START Data for analysis

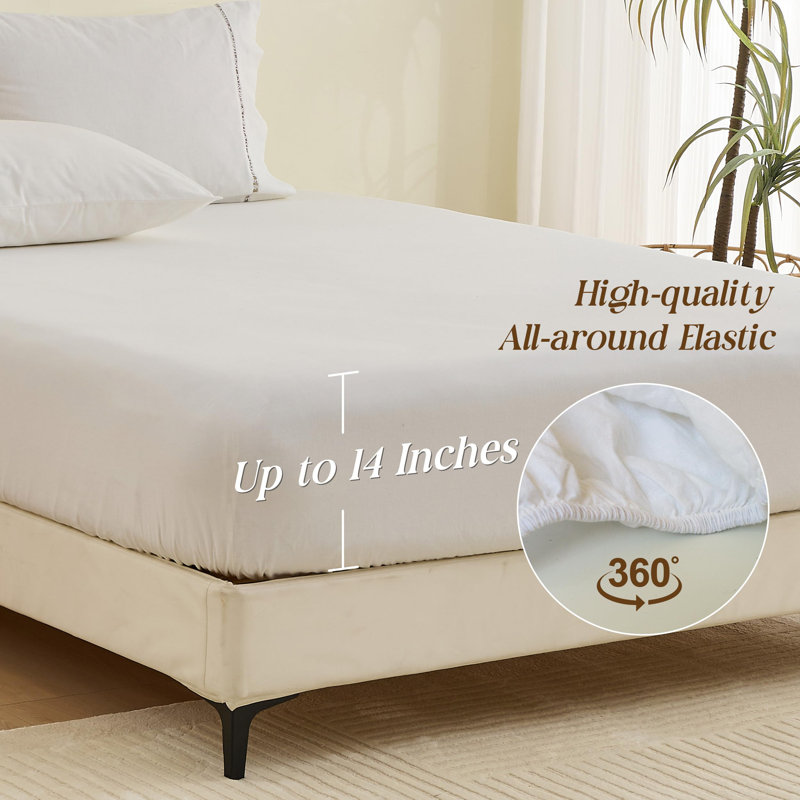 Ensemble de draps French Farmhouse, Ensemble de draps pour grand lit avec 2 taies d'or, Blanc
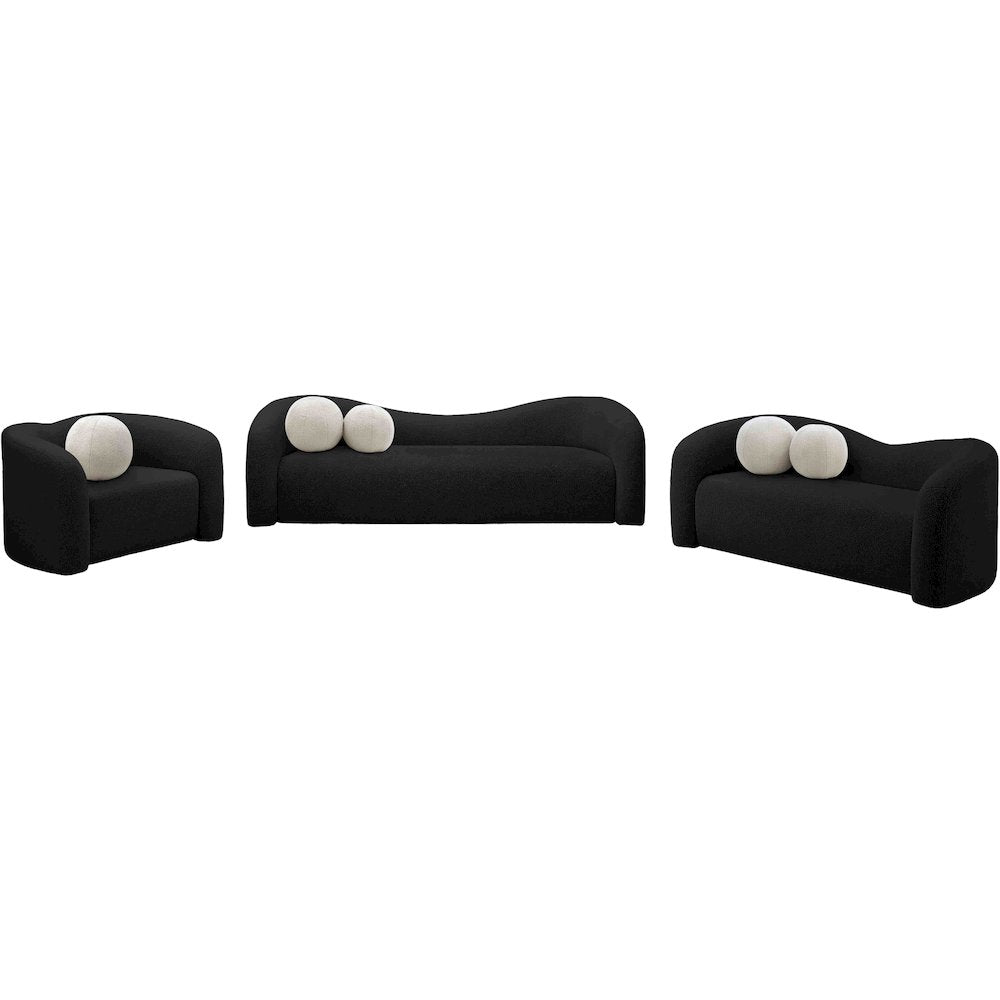 Kali Black Faux Shearling Teddy Fabric Chair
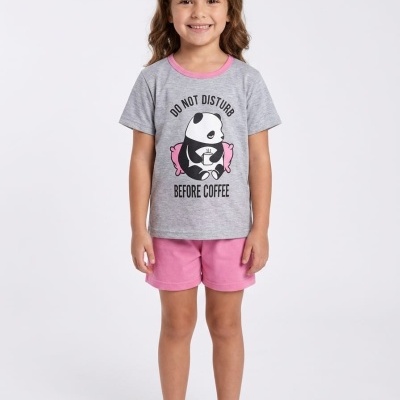 Pijama de criança cinzento e rosa com estampa de panda e texto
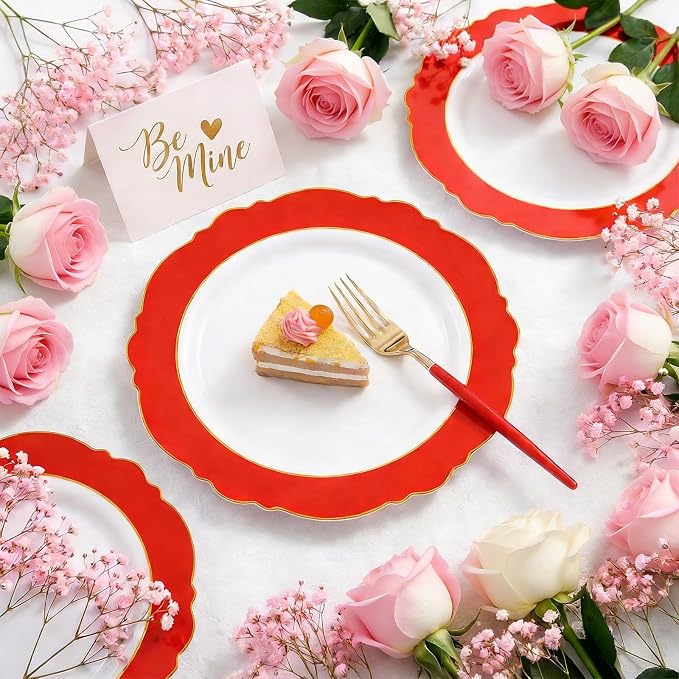 60pcs Red Plastic Plates Disposable - Image 2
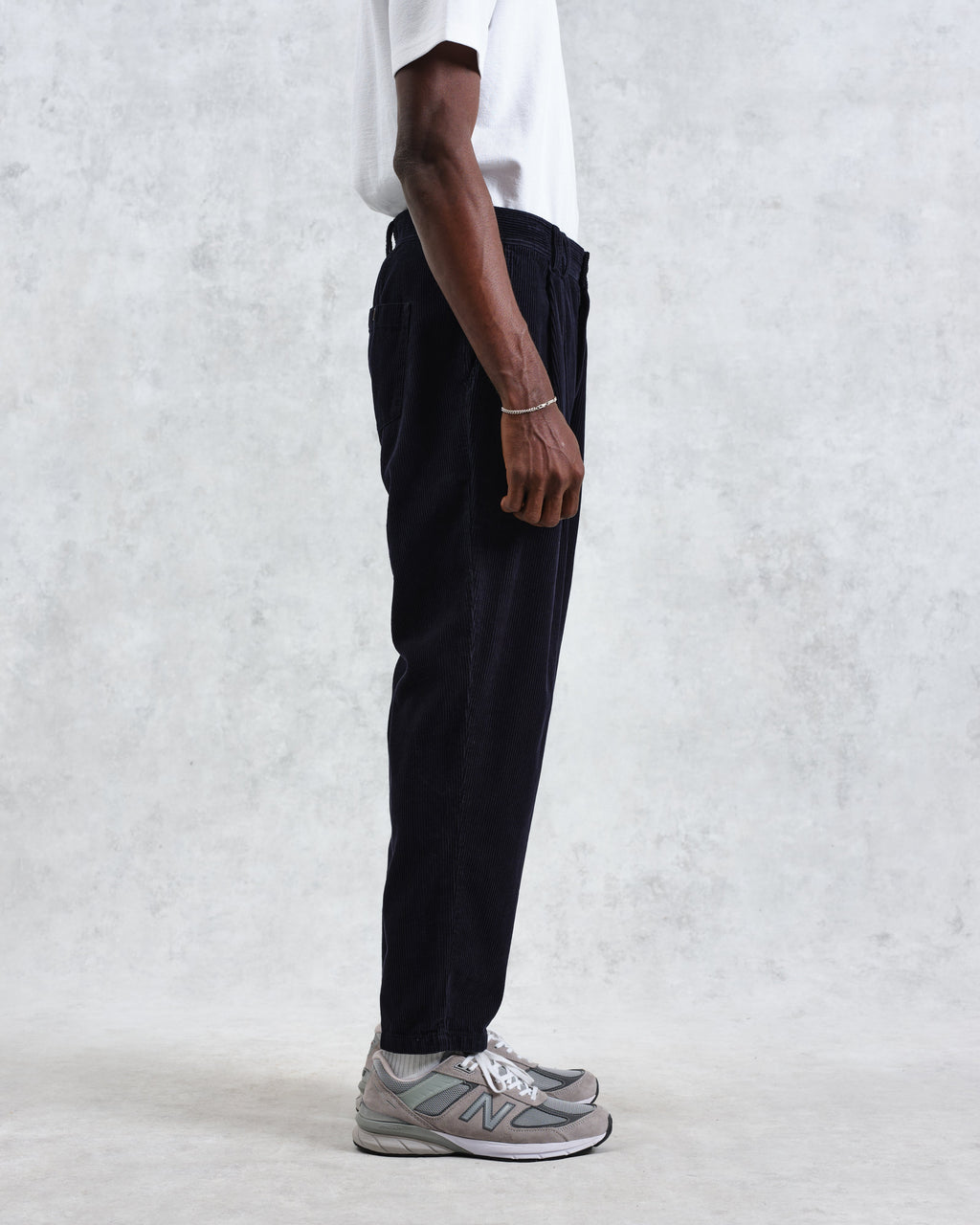 Raleigh - Navy Corduroy Pleated Trousers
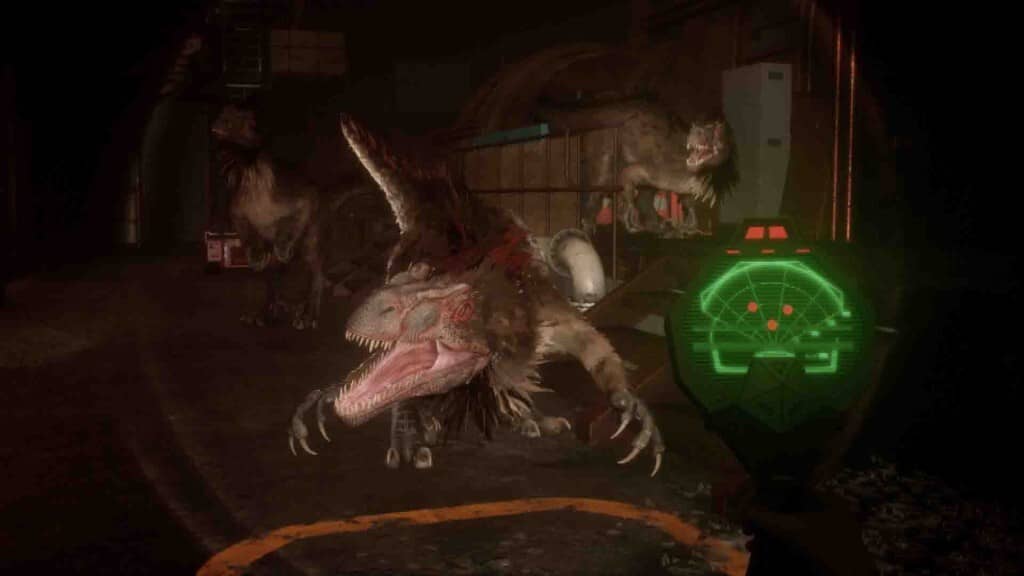 Deathground góc nhìn người chơi radar phát hiện Deinonychus tấn công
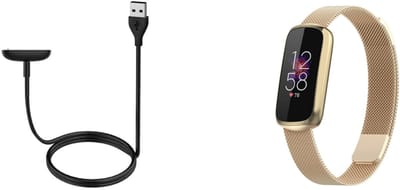 Strap-it Milanees Smartwatch band + Oplader - Geschikt voor Fitbit Luxe Milanese band - Champagne goud - Horlogeband / Polsband / Armband - RVS Stalen band - Magnetische sluiting -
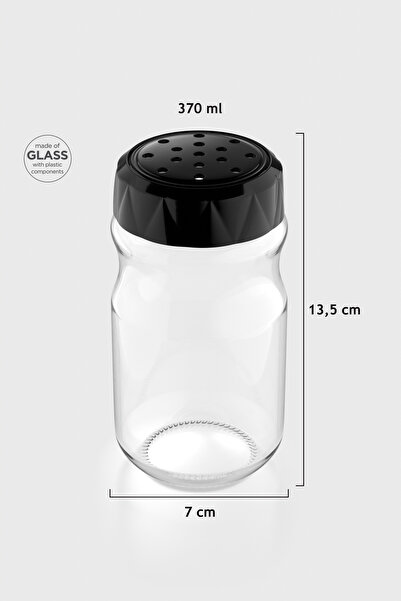 Renga Lexa 370 ml Glass Spice Rack 161016 Black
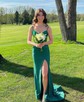 Ivory Mermaid V-neck Jersey Beaded Prom Dresses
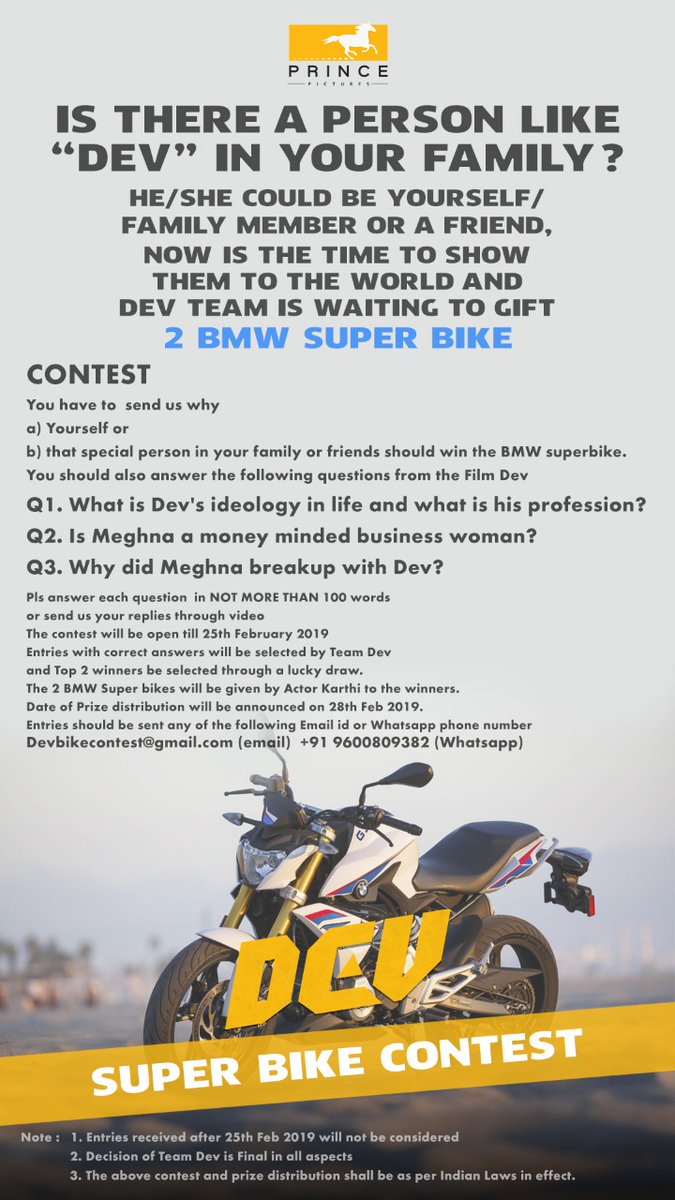cinesarathi's tweet image. Interesting!!! #DevBMWSuperBike Contest.. #DevFromFeb14 #DEV @Rakulpreet @Karthi_Offl @cgpraveenk @cinesarathi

END Data for analysis

▸ **Exercise goal**
Output the entries above exactly, without their pictures.

▸ **Result of the task**
 Ensemble de draps French Farmhouse, Ensemble de draps pour grand lit avec 2 taies d'or, Blanc
 Kali Black Faux Shearling Teddy Fabric Chair
 Pijama de criança cinzento e rosa com estampa de panda e texto
 60pcs Red Plastic Plates Disposable - Image 2
 Raleigh - Navy Corduroy Pleated Trousers
 Deathground góc nhìn người chơi radar phát hiện Deinonychus tấn công
 Strap-it Milanees Smartwatch band + Oplader - Geschikt voor Fitbit Luxe Milanese band - Champagne goud - Horlogeband / Polsband / Armband - RVS Stalen band - Magnetische sluiting -
 Renga Lexa 370 ml Glass Spice Rack 161016 Black
 Ivory Mermaid V-neck Jersey Beaded Prom Dresses
cinesarathi's tweet image. Interesting!!! #DevBMWSuperBike Contest.. #DevFromFeb14 #DEV @Rakulpreet @Karthi_Offl @cgpraveenk @cinesarathi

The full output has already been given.